El día en que mi reloj retrocedió

38. El novenario luctuoso

"Existen vínculos que se vuelven tan sagrados que terminan aterrorizando a aquellos que se llenan la boca de Dios para conservar su poder. Tú y yo formamos uno de esos y por eso nos convertimos en pecadores"

—Helena Candiani Yolotl.

A la mañana siguiente me encontré con una nota sobrepuesta en mi mesita de noche.

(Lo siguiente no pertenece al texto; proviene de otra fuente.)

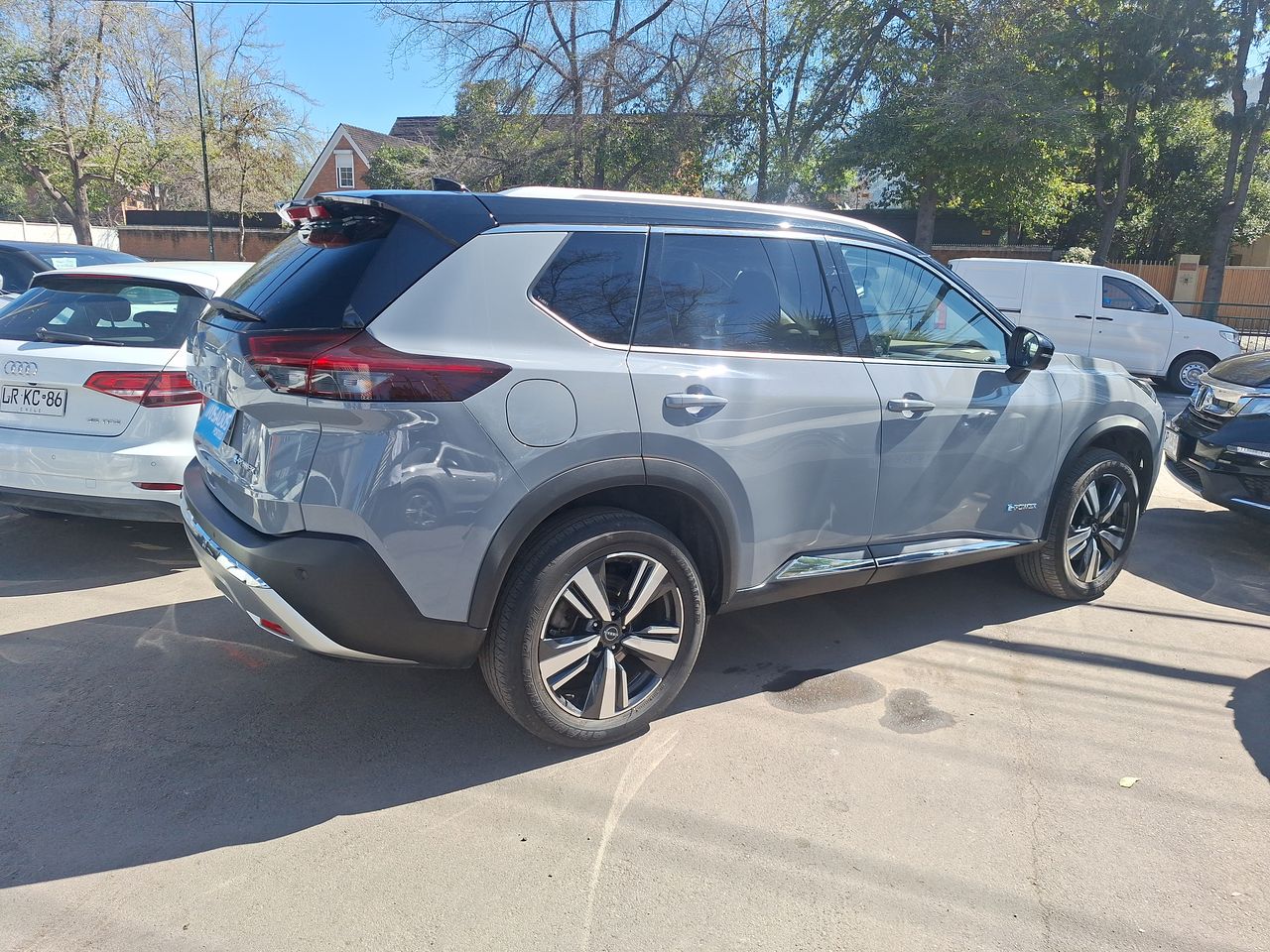 NISSAN - 7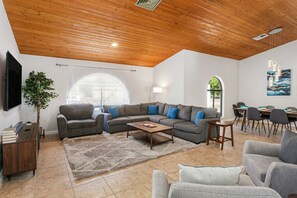 Smart TV, computer monitors - Spacious vacation rental with a private pool, a hot tub & AC (Scottsdale)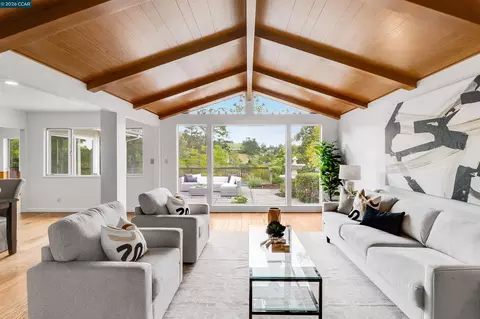 61 Sullivan Dr, Moraga, CA 94556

Estaba escrita en un pedazo de hoja perfectamente doblada, en cursivas y con una caligrafía tan impecable que incluso podría jurar que cada curva y línea estaban calculadas a un nivel milimétrico.

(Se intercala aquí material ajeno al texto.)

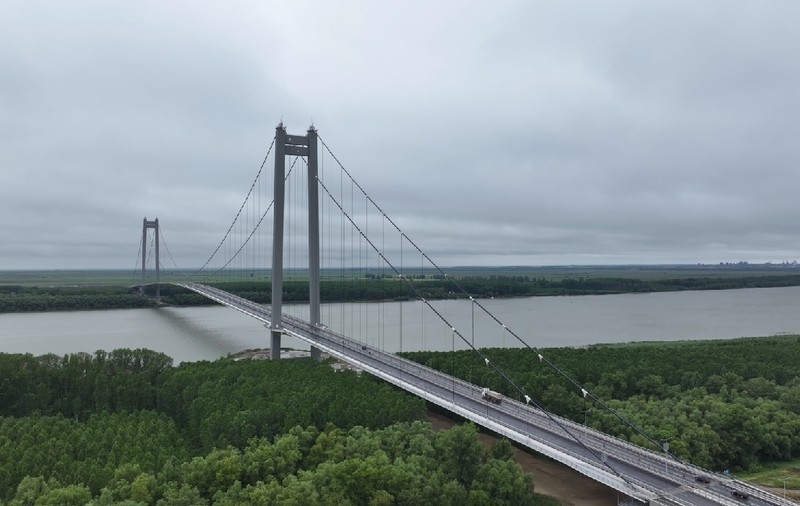 Restricții de circulație pe podul suspendat de peste Dunăre: șoferii trebuie să reducă viteza pe ambele sensuri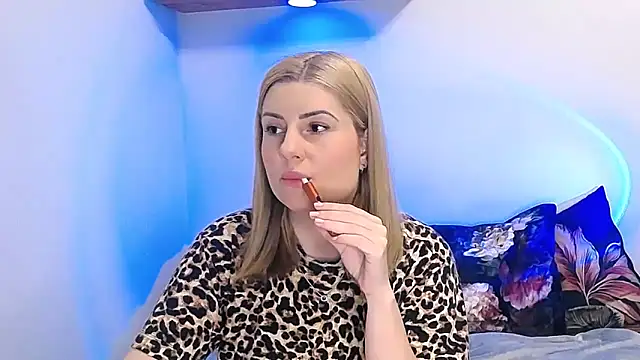 alisenties online show from 04/29/26, 05:30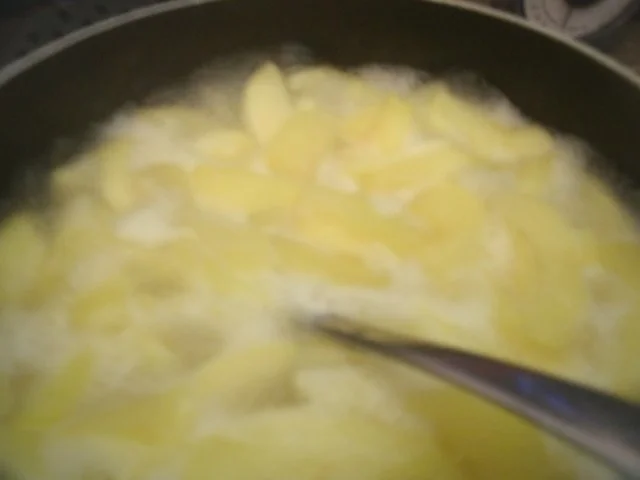 Rezept: Apfelsuppe Bild Nr. 3 Apfelsuppe - Rezept - Bild Nr. 3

En un primer repaso había pensado que se trataba de una imagen impresa o un sello, pero mi pluma fuente colocada en una diagonal metódica me hizo ver que estaba equivocada, y que quien me había escrito la nota, incluso la había colocado ahí, para que la corriente de viento que se colaba por mi ventana, no tuviera oportunidad de hacer de las suyas.

Observé los trazos con detenimiento... En estos tiempos ya nadie tenía la habilidad ni la práctica para escribir así, a no ser que se entrenaran para ser expertos en caligrafía.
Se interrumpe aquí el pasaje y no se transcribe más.